> [EXERCISE BRIEF] Everything from the line containing "Bad Langensalza, An" to the last line of the material below must be retyped exactly, both ends included; skip the pictures.

> [PROVIDED MATERIAL]
_ _ _ _ _ _ _

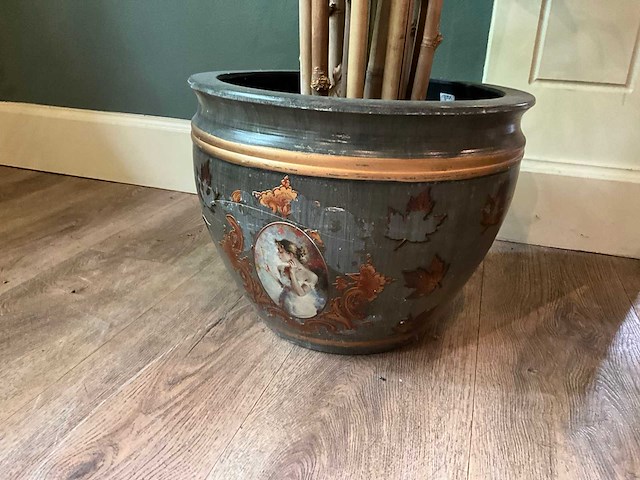 Kunstplant in pot - afbeelding 4 van  4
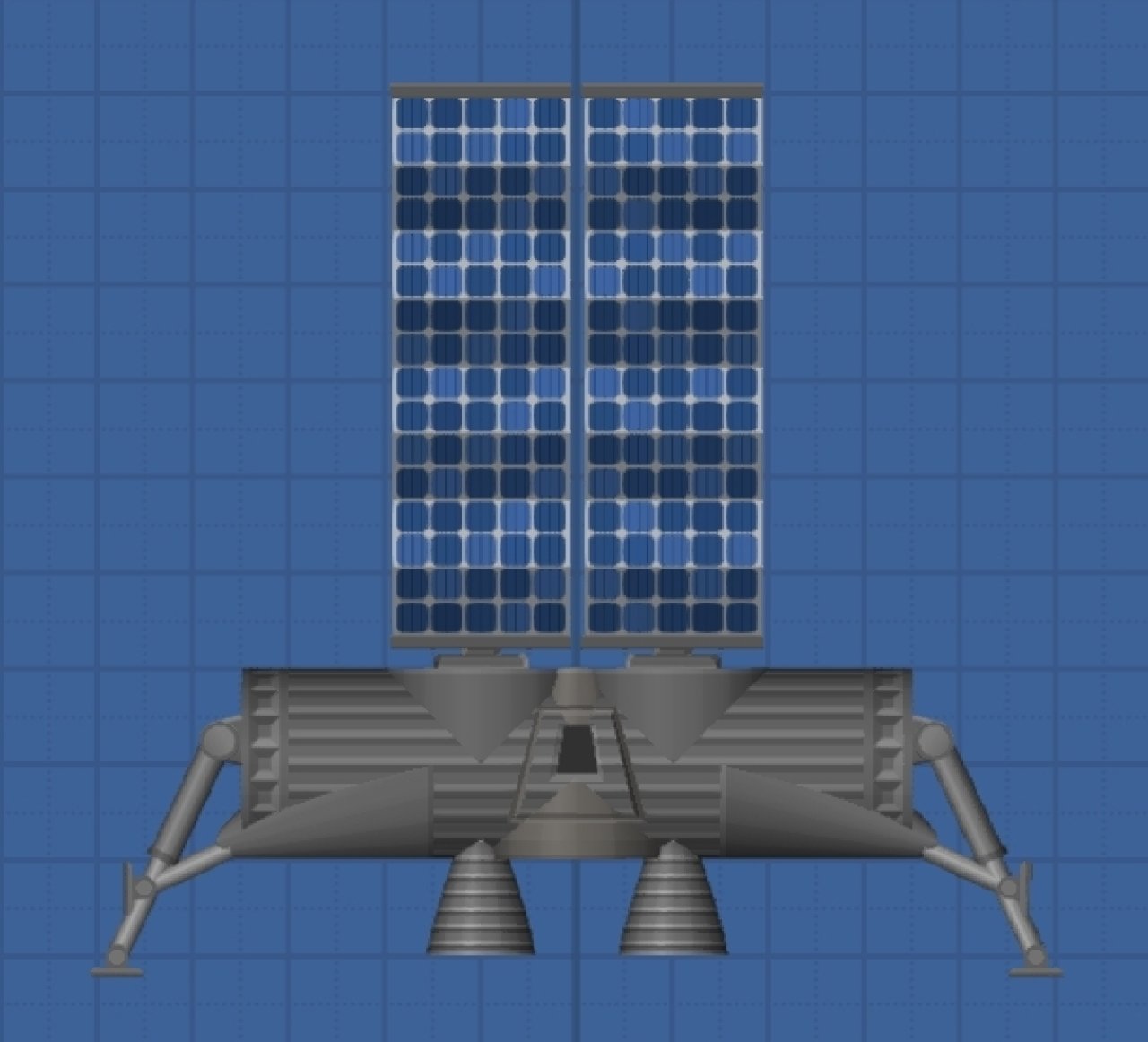Lunar Base Module Spaceflight Simulator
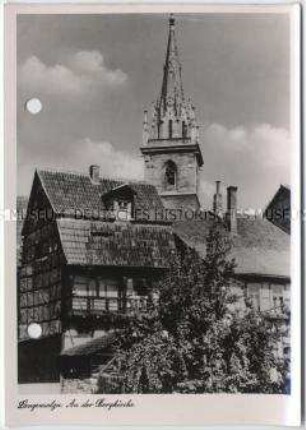 Bad Langensalza, An der Bergkirche St. Stephan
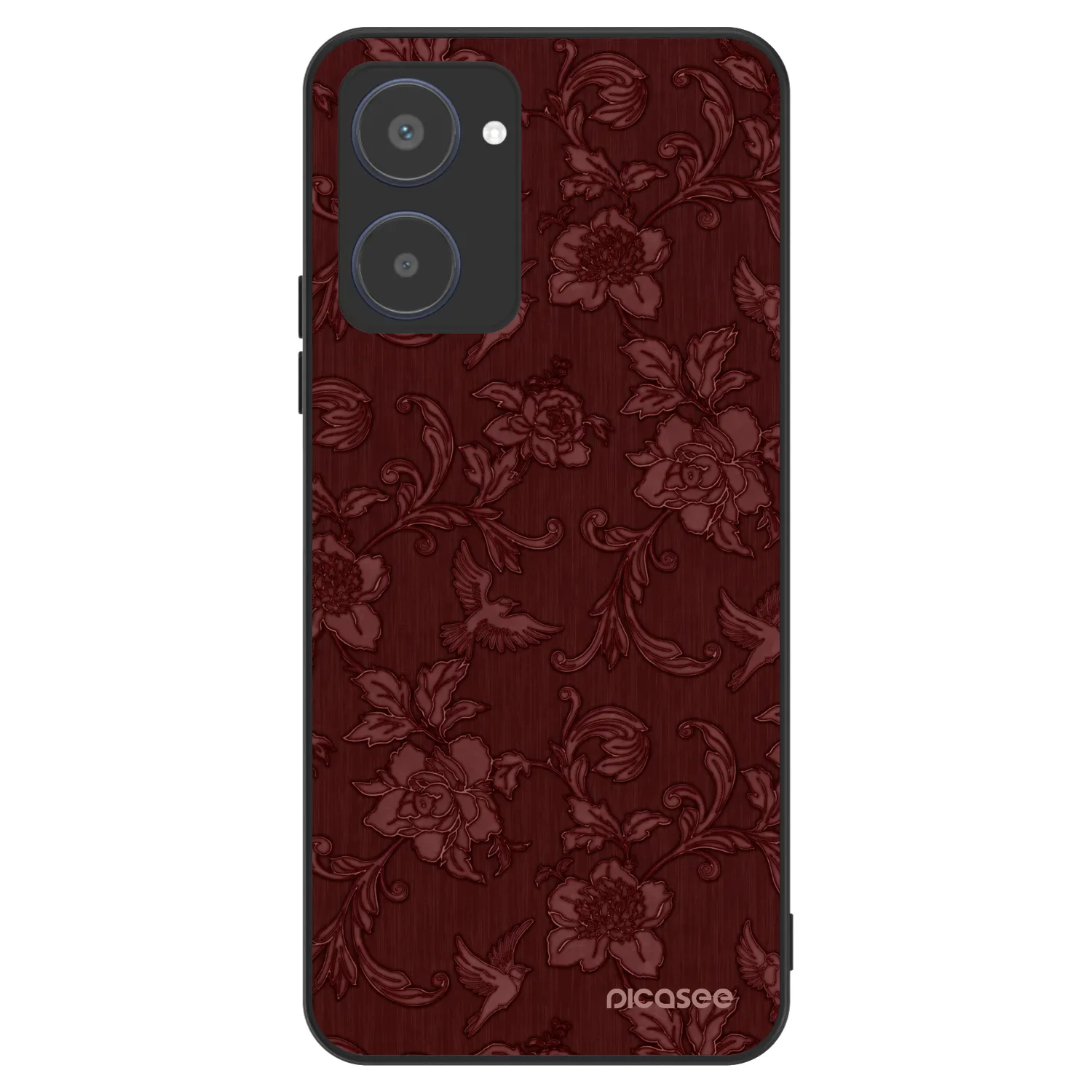 Picasee ULTIMATE CASE za Realme 10 4G - Red Elegance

_ _ _ _ _ _ _

> [REPLY]
 Bad Langensalza, An der Bergkirche St. Stephan
 Picasee ULTIMATE CASE za Realme 10 4G - Red Elegance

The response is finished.